Common Voice v24 English - en-AU subset for Everything Open 2026

Description

This is a subset of Common Voice v24 English filtered for Australian-clustered accents. It is designed to be used in conjunction with the hands-on Tutorial delivered at Everything Open 2026 in Canberra, Australia.

Specifics

Licensing

Creative Commons Zero v1.0 Universal (CC0-1.0)

https://spdx.org/licenses/CC0-1.0.html

Considerations

Restrictions/Special Constraints

Forbidden Usage

It is forbidden to attempt to determine the identity of speakers in the Common Voice datasets.
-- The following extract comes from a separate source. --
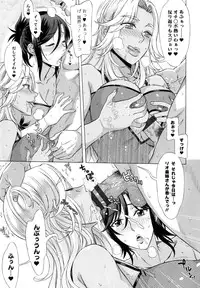 [Hanzaki Jirou] Ran♡Kon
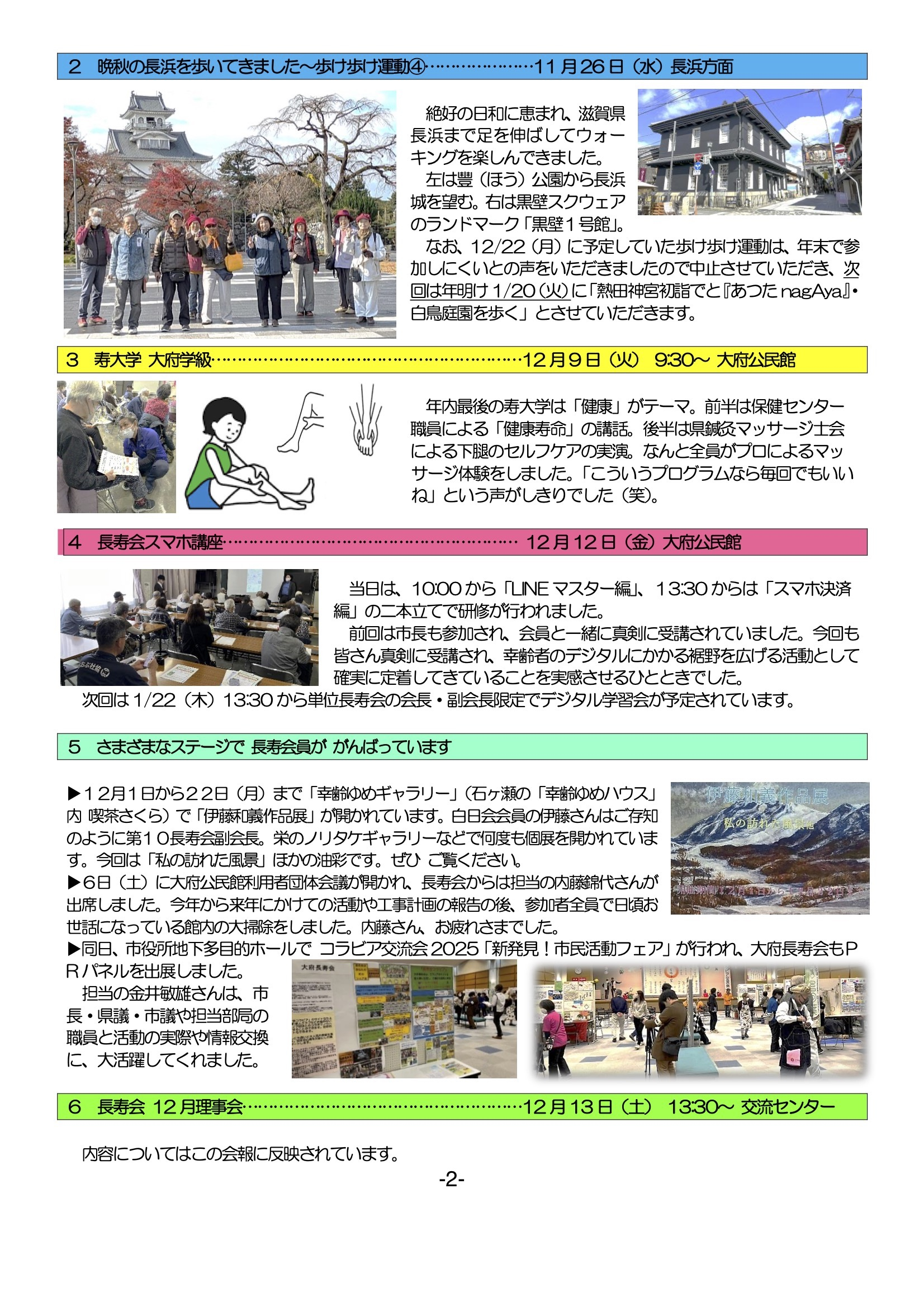 会報12月号②pdf..jpg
It is forbidden to re-host or re-share this dataset.

Processes

Ethical Review

This is a subset of Common Voice and the Common Voice collection process is documented at: https://commonvoice.mozillafoundation.org

Tutorial information

Everything Open: https://2026.everythingopen.au
Tutorial overview: https://2026.everythingopen.au/schedule/presentation/6/
Tutorial GitHub repo: https://github.com/Mozilla-Data-Collective/tutorial-whisper-fine-tuning-australian-EO2026

Preprocessing information

This dataset was extracted from Common Voice v24 English by filtering on the accent field, after assessing the Australian-related accents in the dataset.
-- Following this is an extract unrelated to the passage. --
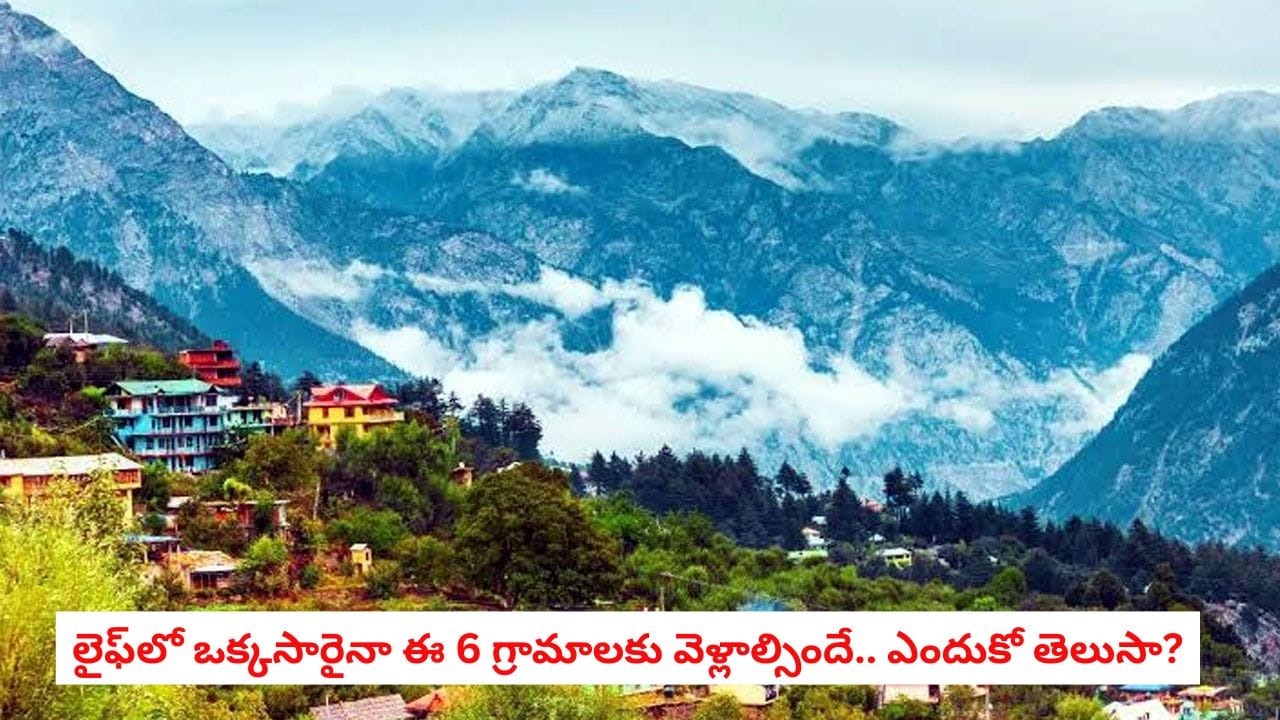 Travel India: స్విట్జర్లాండ్ను తలపించే అద్భుతమైన 6 గ్రామాలు.. అవి కూడా మన ఇండియాలోనే.. జీవితంలో ఒక్కసారైనా చూసి తీరాల్సిందే!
The duration of each clip was also calculated, to assist in identifying very long or short clips, and this is stored in ms in the field duration_ms.

File structure

audios => contains the audio files in the format id.mp3 where id is the unique identifier of the clip.
commonvoice-v24_en-AU.csv a CSV-formatted file.

The CSV fields are:

original row ID from Common Voice v24 English
client_id: unique identifier for each speaker
path: the filename of the audio file
sentence_id: a unique identifier for each written sentence
sentence_domain: a string description of the topic domain of the sentence (may be null)
up_votes: integer indicating how many up votes this clip has
down_votes: integer indicating how many down votes this clip has, allows for exclusion
age: age range of speaker, if provided (may be null)
gender: gender identify of speaker, if provided (may be null)
accents: accent descriptor
locale: ISO-639 locale (all samples in this dataset are en)
segment: not applicable to this dataset, included to provide interoperability
duration_ms: duration in milliseconds of the audio file, calculated using librosa

Composition

This dataset comprises 55673 rows of Australian-accented elicited (read) English speech.

The total length of time is approximately 4.68 minutes.

Accents represented

Australian English
General Australian
South Australia
Educated Australian Accent
Sydney - middle eastern seaboard Australian
Queenslandish